# Meta Methods applied to the clickbait data set

### TF-IDF preprocessing

In [3]:
# Libraries
from sklearn.feature_extraction.text import CountVectorizer
from sklearn.utils import shuffle
from nltk.corpus import stopwords
from nltk.stem.snowball import EnglishStemmer
from nltk import word_tokenize
import numpy as np
import matplotlib.pyplot as plt
%matplotlib inline
import sklearn
import sklearn.datasets as ds
import sklearn.model_selection as cv
import sklearn.neighbors as nb
import pandas as pd
import nltk
import re
nltk.download('punkt')
nltk.download('stopwords')
nltk.download('averaged_perceptron_tagger')

stemmer = EnglishStemmer(ignore_stopwords=True)
tokenize = CountVectorizer().build_tokenizer()


def stemmed_words(doc):
    return (stemmer.stem(w) for w in tokenize(doc))

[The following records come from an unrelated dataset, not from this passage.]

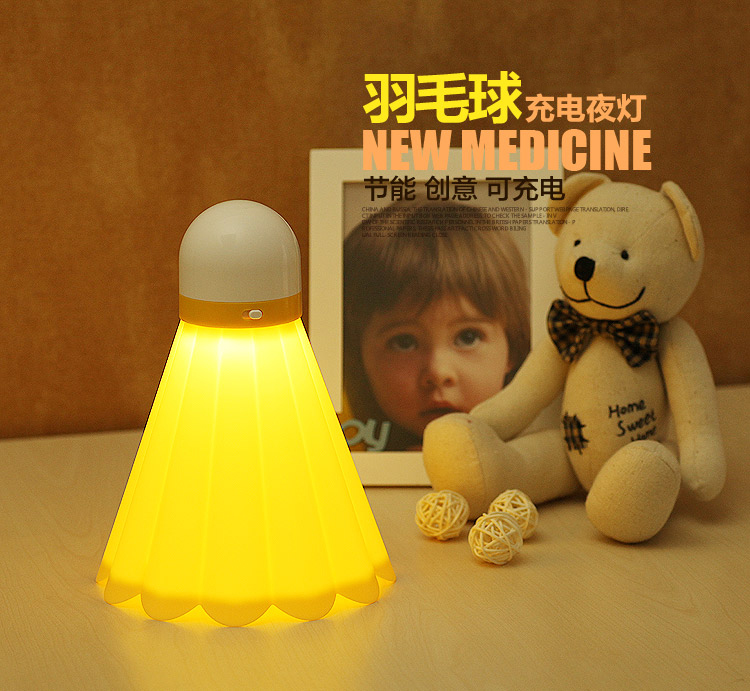 Badminton creative night light LED energy-saving lamp charging lamp lamp baby baby bedroom bedside lamp (single note color)1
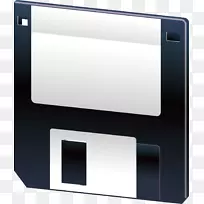 显示设备系统.硬盘png元件-空若网 显示设备系统.硬盘png元件-空若网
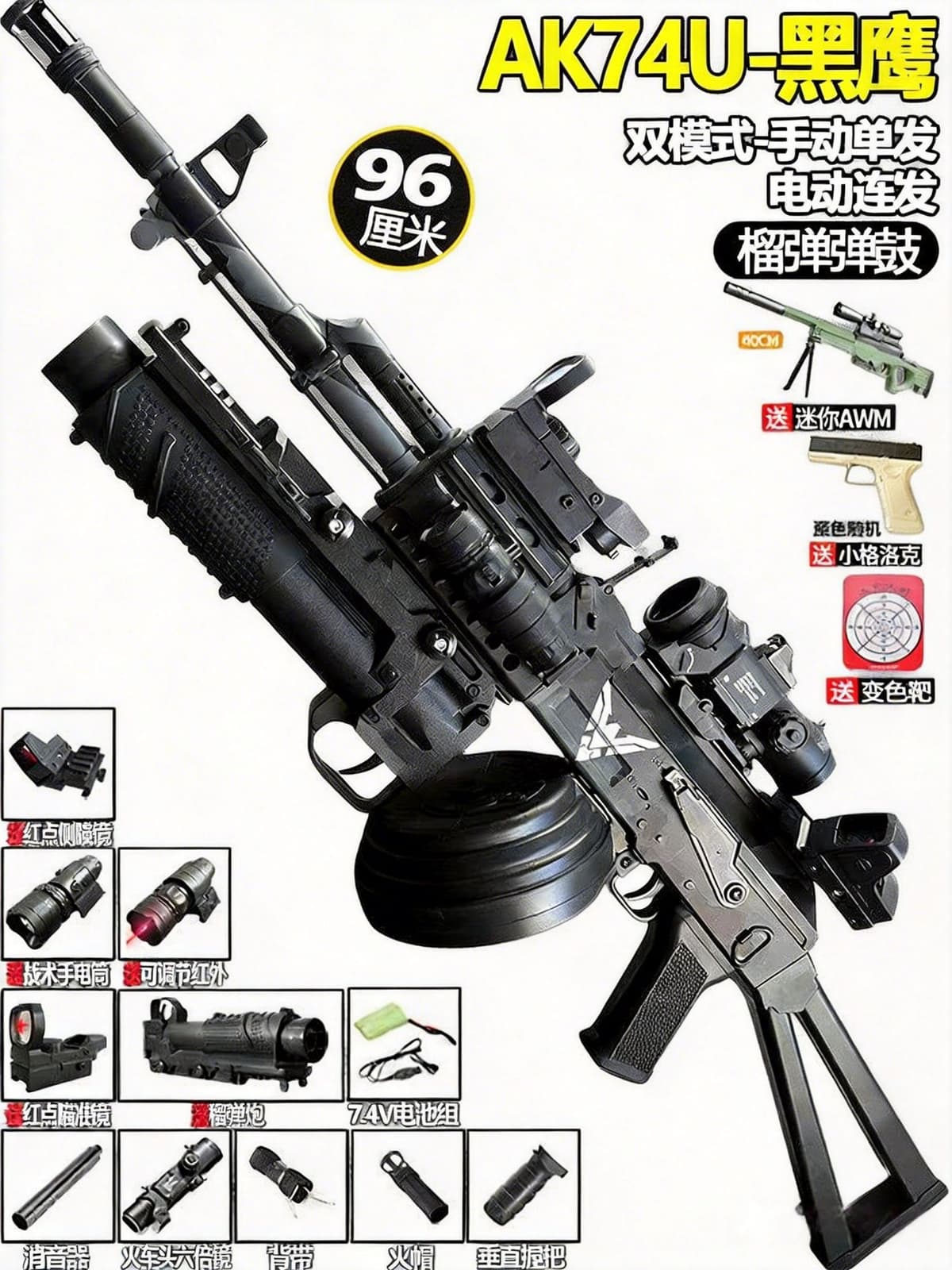 [top with drum + howitzer] new large ak74u black hawk (manual electric 7.4v) 96cm-locomotive scope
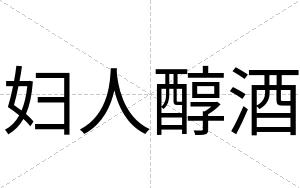 妇人醇酒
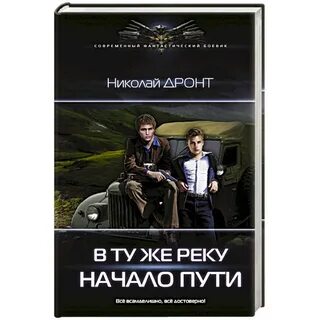 Начало пути 2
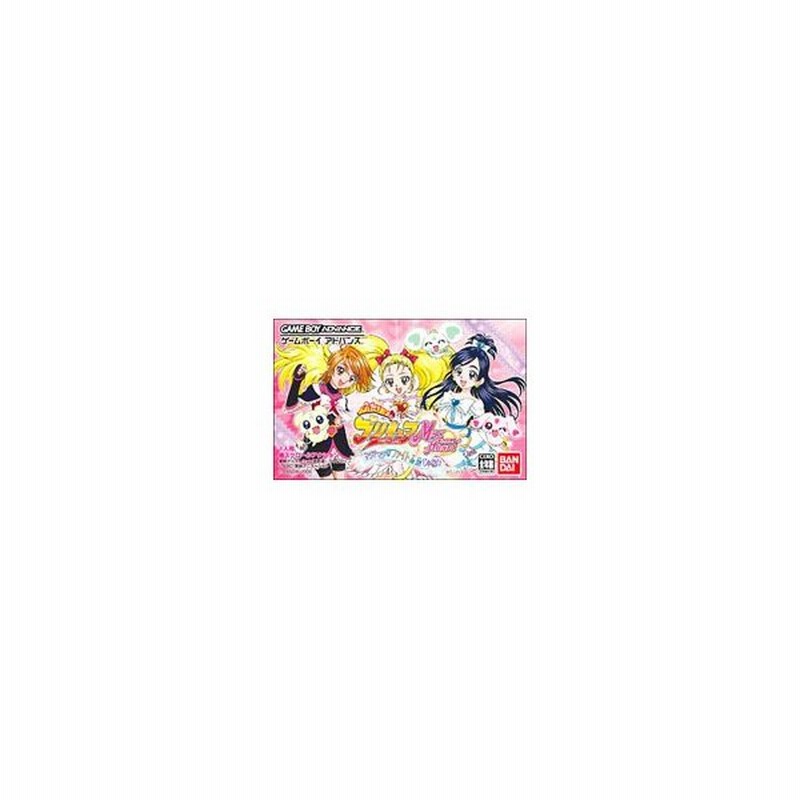 Gba ふたりはプリキュア マックスハート マジ マジ ファイトｄｅ ｉｎじゃない 通販 Lineポイント最大0 5 Get Lineショッピング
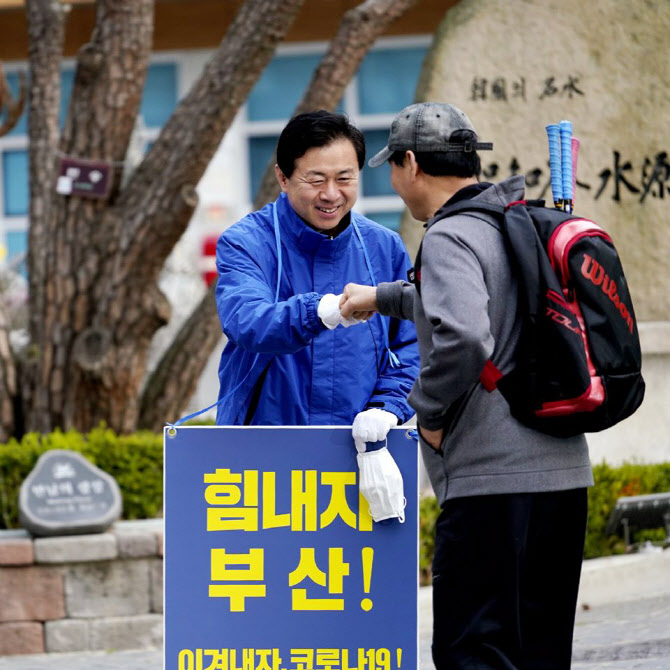 김영춘 더불어민주당 의원(사진=김영춘 페이스북)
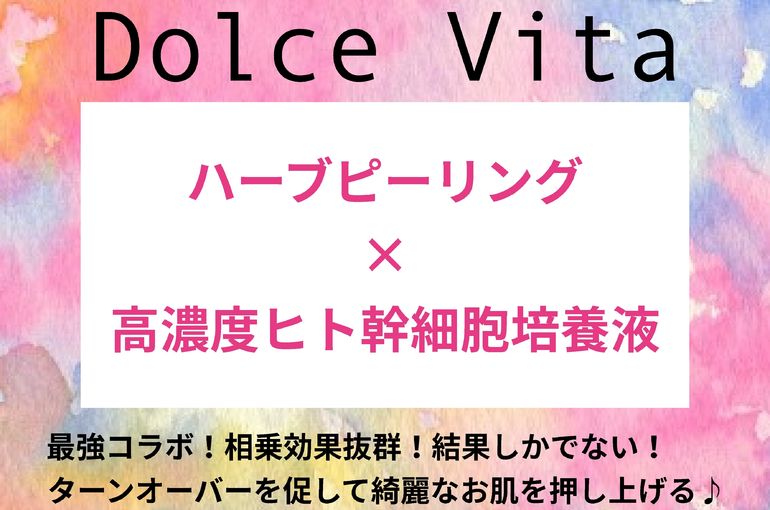 福岡市早良区野芥のエステサロンドルチェヴィータ★ハーブピーリング×ヒト幹細胞培養液導入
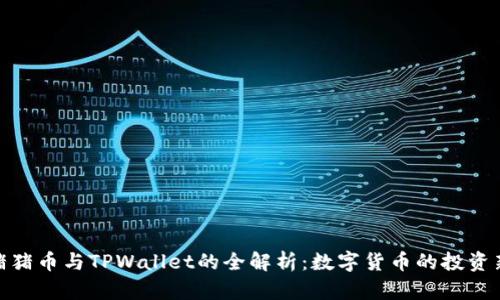 抹茶猪猪币与TPWallet的全解析：数字货币的投资新选择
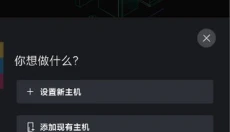 Xbox安卓客户端 截图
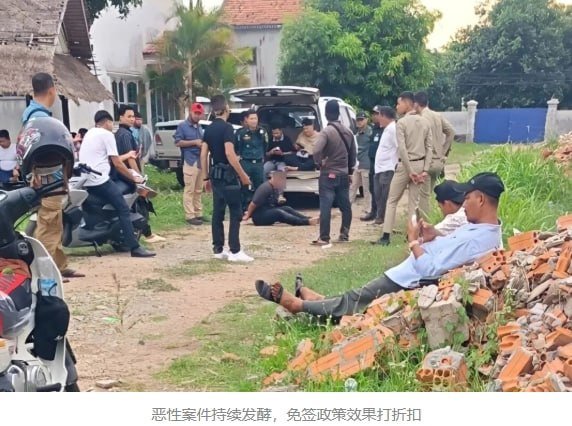 柬埔寨对华免签倒计时 恶性案件频发引发安全担忧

# Function to get the tf_idf scores for a list of strings representing a title
# takes a list of strings as parameters
def count(data):
    nr_pattern = re.compile(r'\b[+-]?\d*[.,]?\d+([eE][+-]?\d+)?\b')
    acronyms = re.compile(r'\b(\w)[.+:\-]')
    non_alphanum = re.compile(r'[^\w\d\-\+\s]')
    for i in range(len(data)):
        title = acronyms.sub(r'\1', data[i])
        title = non_alphanum.sub(' ', title)
        data[i] = nr_pattern.sub('NUMBER_SPECIAL_TOKEN', title)
    vectorizer = CountVectorizer(
        tokenizer=stemmed_words, stop_words=stopwords.words('english'), max_features=1000)
    X = vectorizer.fit_transform(data)
    # features = vectorizer.get_feature_names()
    # frq = X.toarray().sum(axis=0)
    # d = sorted(zip(features, frq), key=lambda v: v[1], reverse=True)
    # x = [t[0] for t in d]
    # y = [t[1] for t in d]
    return X.toarray()


# reading the data
dt_true = pd.read_csv('/content/sample_data/clickbait_data.txt', sep='\n', names=['Title'])
dt_false = pd.read_csv('/content/sample_data/non_clickbait_data.txt', sep='\n', names=['Title'])
dt_true = dt_true.assign(Label=lambda x: True)
dt_false = dt_false.assign(Label=lambda x: False)

# merging the data
dt = pd.concat([dt_true, dt_false], ignore_index=True)

# shulffing data
dt = shuffle(dt).reset_index(drop=True)

# computing tf-idf
X = count(dt['Title'].to_list())  # tf_idf scores
y = dt['Label']  # labels



[nltk_data] Downloading package punkt to /root/nltk_data...
[nltk_data]   Package punkt is already up-to-date!
[nltk_data] Downloading package stopwords to /root/nltk_data...
[nltk_data]   Package stopwords is already up-to-date!
[nltk_data] Downloading package averaged_perceptron_tagger to
[nltk_data]     /root/nltk_data...
[nltk_data]   Package averaged_perceptron_tagger is already up-to-
[nltk_data]       date!


In [4]:
dt.head()

Unnamed: 0,Title,Label
0,This Video Is For Every Girl Who Can't Do Makeup,True
1,We Know What Popular Song You Hate Based On On...,True
2,"For ESPN and NBC, a Day of Replays and Weather...",False
3,"What ""Bro"" Really Means",True
4,The Most Delicious Celebrity Twitter Beefs Of ...,True


**Setting CV value**

In [5]:
cv=10

## Voting scheme

In [6]:
from sklearn.model_selection import cross_val_score
#from sklearn.linear_model import LogisticRegression
from sklearn.naive_bayes import GaussianNB
from sklearn.ensemble import VotingClassifier
from sklearn.tree import DecisionTreeClassifier
from sklearn.neighbors import KNeighborsClassifier
from sklearn.model_selection import GridSearchCV


clf1 = GaussianNB()

#params = {'n_neighbors':list(range(1,30,2)), 'weights':('distance','uniform')}
knc = KNeighborsClassifier()
#clf = GridSearchCV(knc, param_grid=params,cv=cv,n_jobs=-1)  # If cv is integer, by default is Stratifyed 
#clf.fit(X, y)
#print("Best Params fo Knn=",clf.best_params_, "Accuracy=", clf.best_score_)
#parval=clf.best_params_
parval={'n_neighbors': 9, 'weights': 'distance'}
clf2 = KNeighborsClassifier(n_neighbors=parval['n_neighbors'],weights=parval['weights'])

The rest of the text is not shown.